_What you have to do_.
In your copy, leave out the pictures and repeat every record exactly.

_Data for this task_.

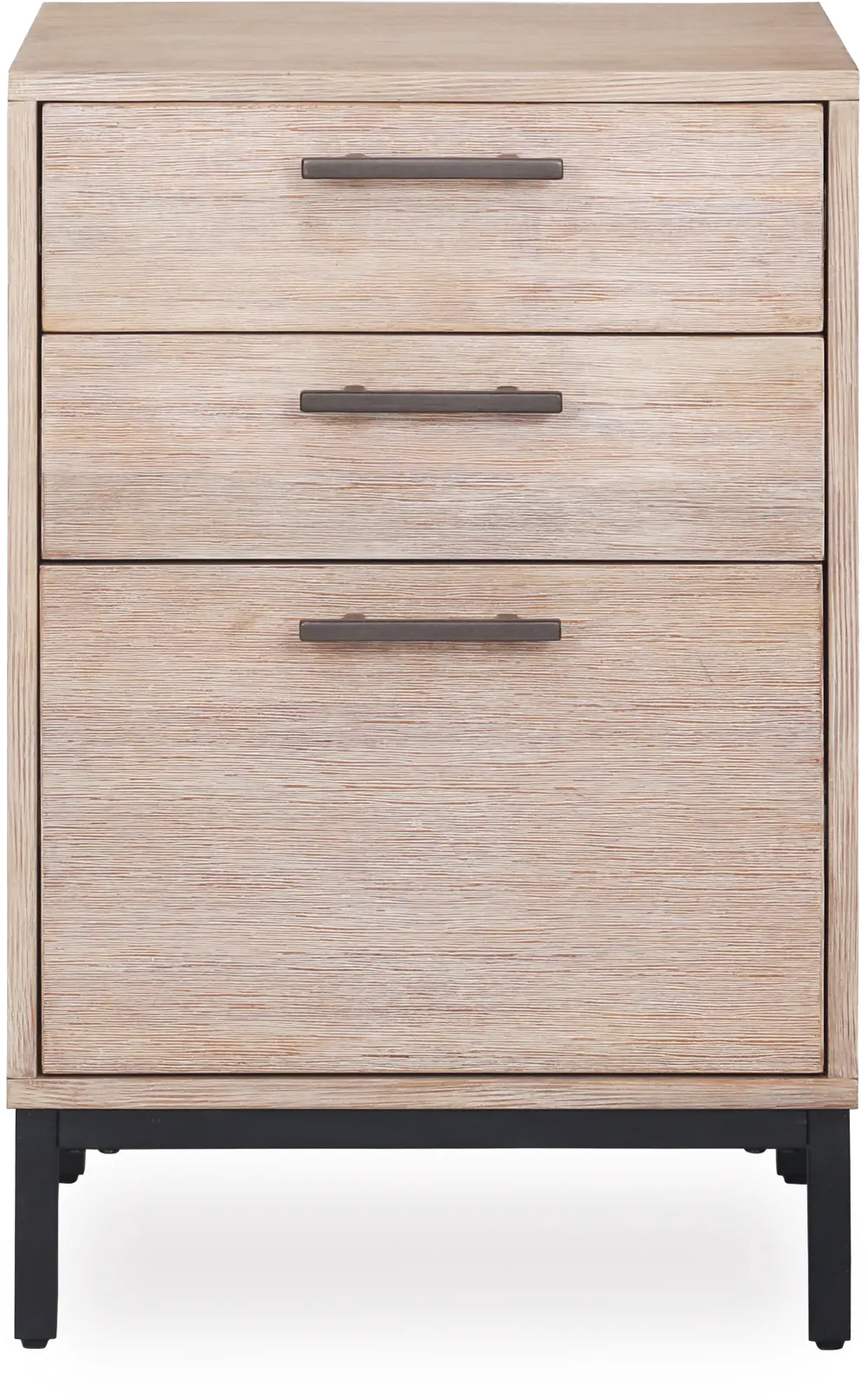 Cascade Acacia Wood Drawer Filing Cabinet-1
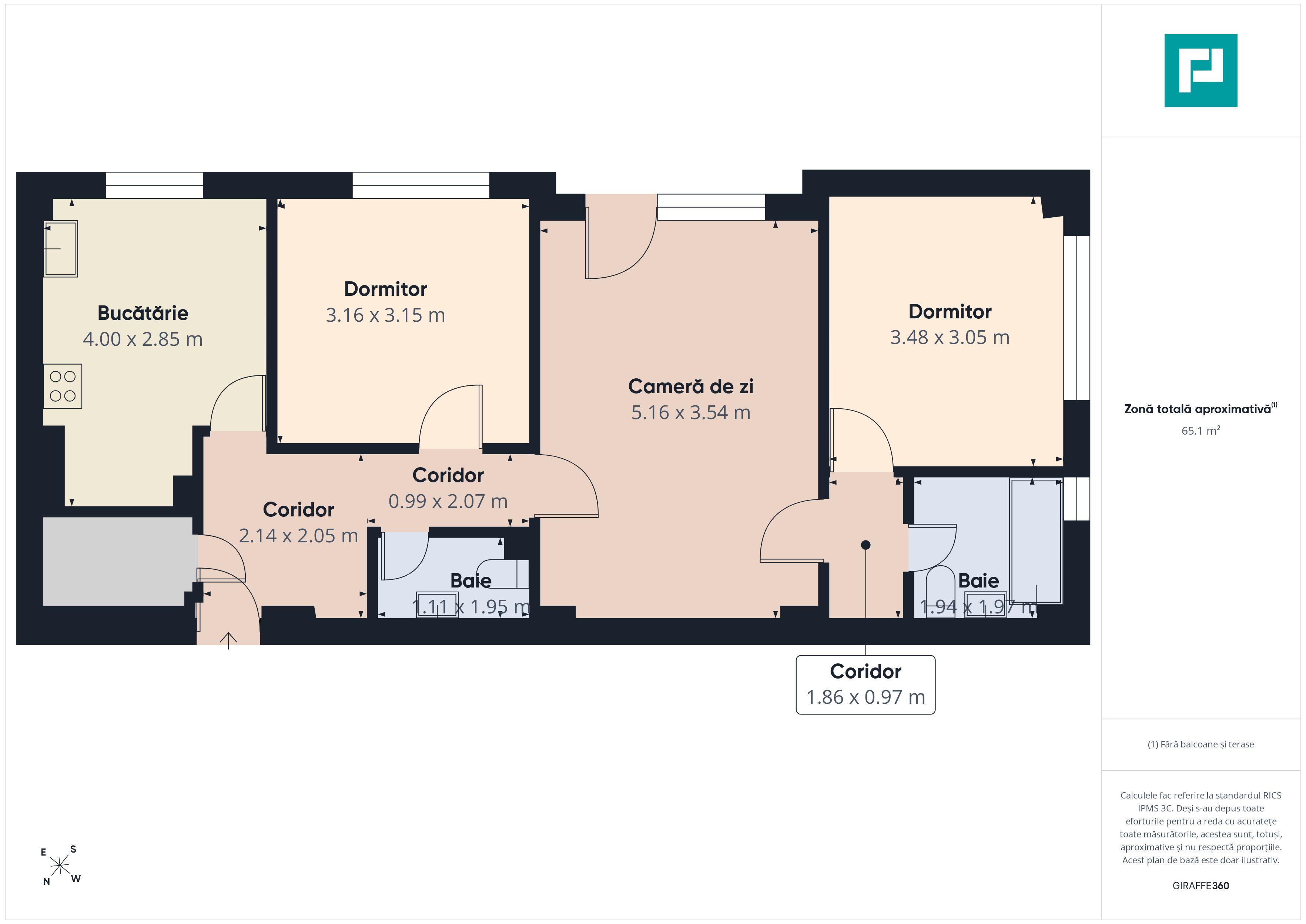 Apartament cu 3 camere, în orașul Sebiș, Arad - 6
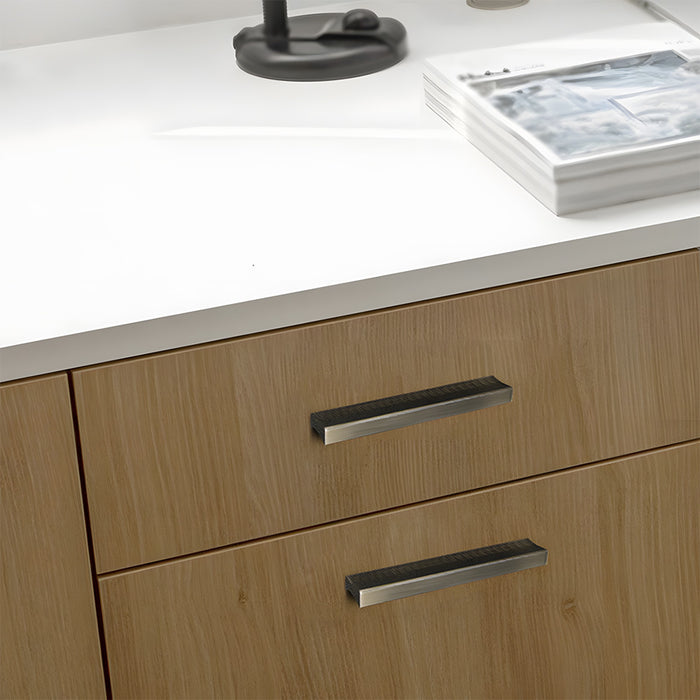 Retro Bronze Aluminum Alloy Cabinet Handles For Kitchen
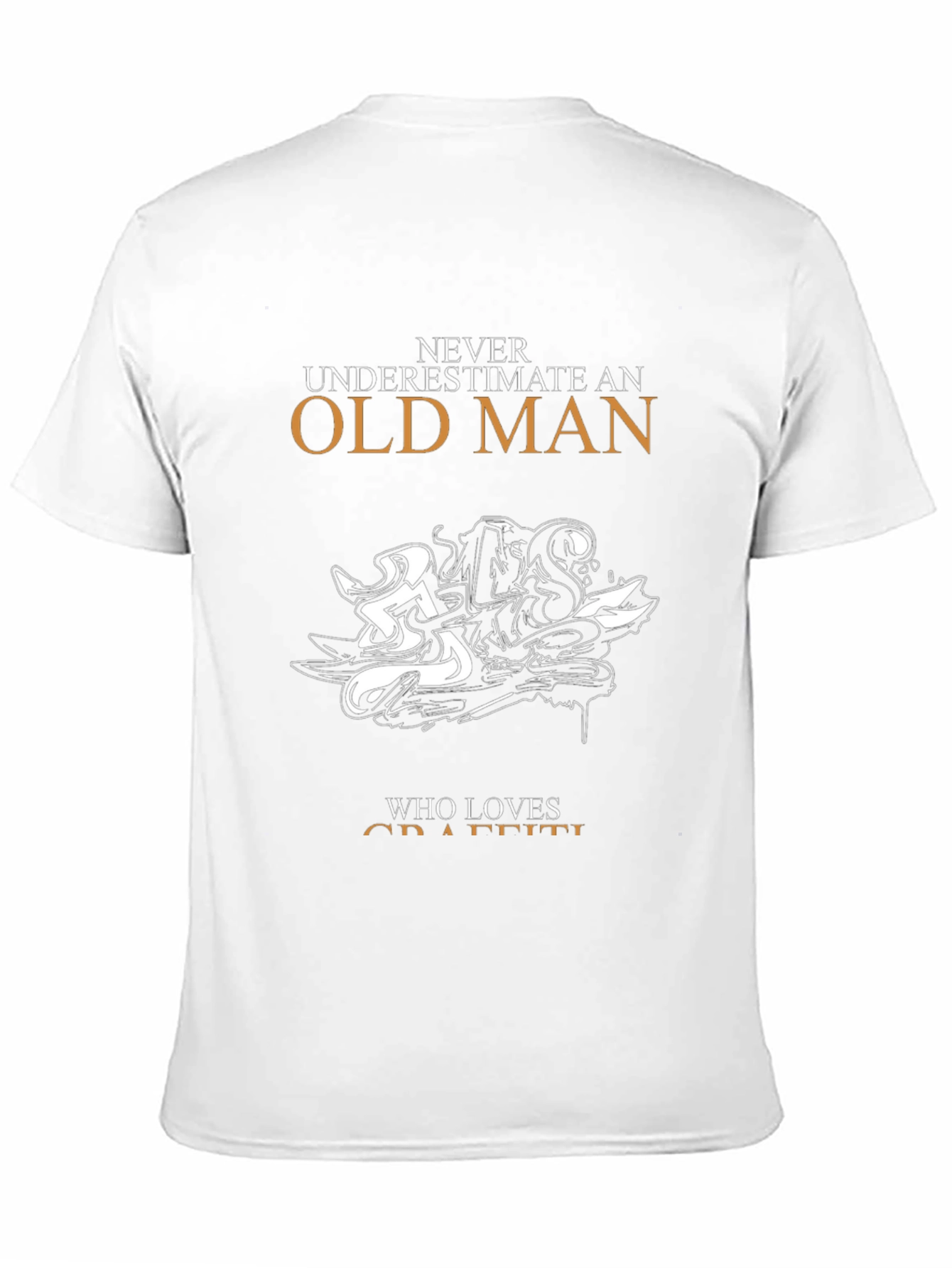 Black Old Man Graffiti Lover T-Shirt view 11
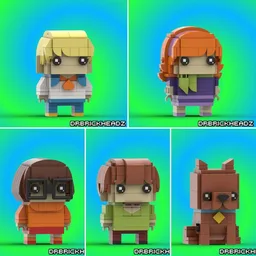 Scooby Gang Brickheadz Bundle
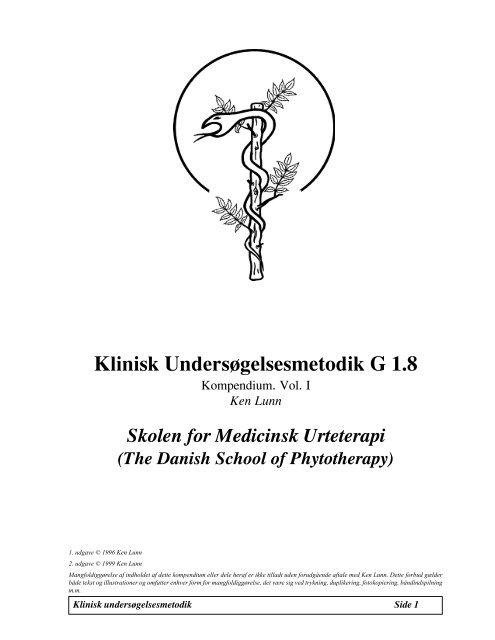 Modul G1.8 Klinisk Undersøgelsesmetodik I - Asclepius.dk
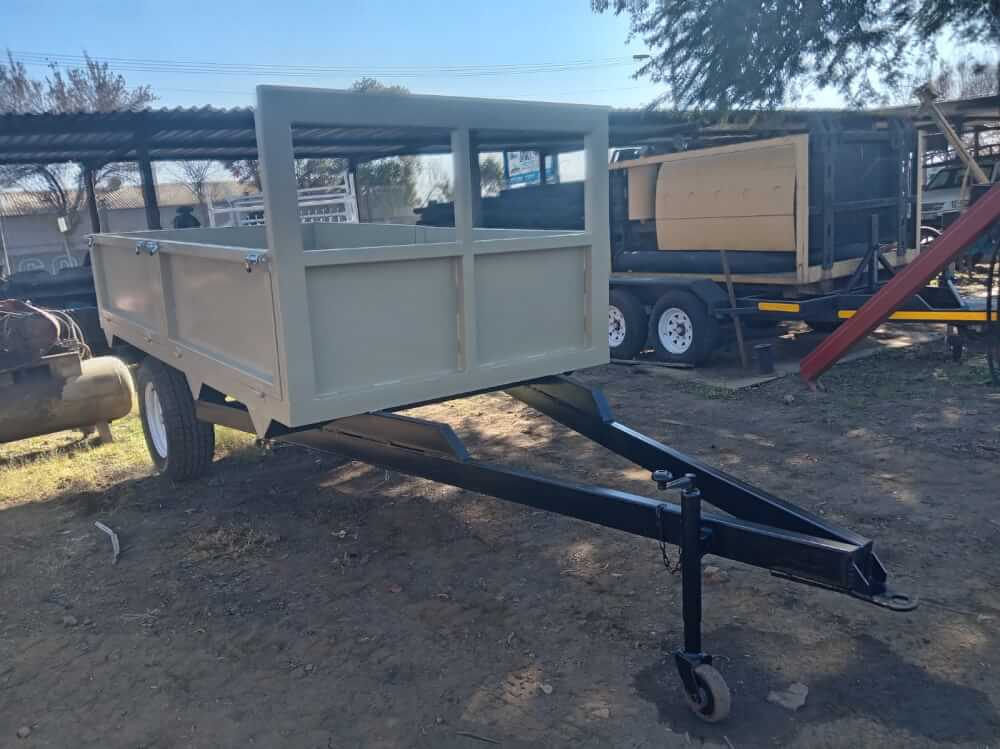 Enkel As Plaas Sleepwa / Single Axle Farm Trailer - Image 5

_Task answer_.
 Cascade Acacia Wood Drawer Filing Cabinet-1
 Apartament cu 3 camere, în orașul Sebiș, Arad - 6
 Retro Bronze Aluminum Alloy Cabinet Handles For Kitchen
 Black Old Man Graffiti Lover T-Shirt view 11
 Scooby Gang Brickheadz Bundle
 Modul G1.8 Klinisk Undersøgelsesmetodik I - Asclepius.dk
 Enkel As Plaas Sleepwa / Single Axle Farm Trailer - Image 5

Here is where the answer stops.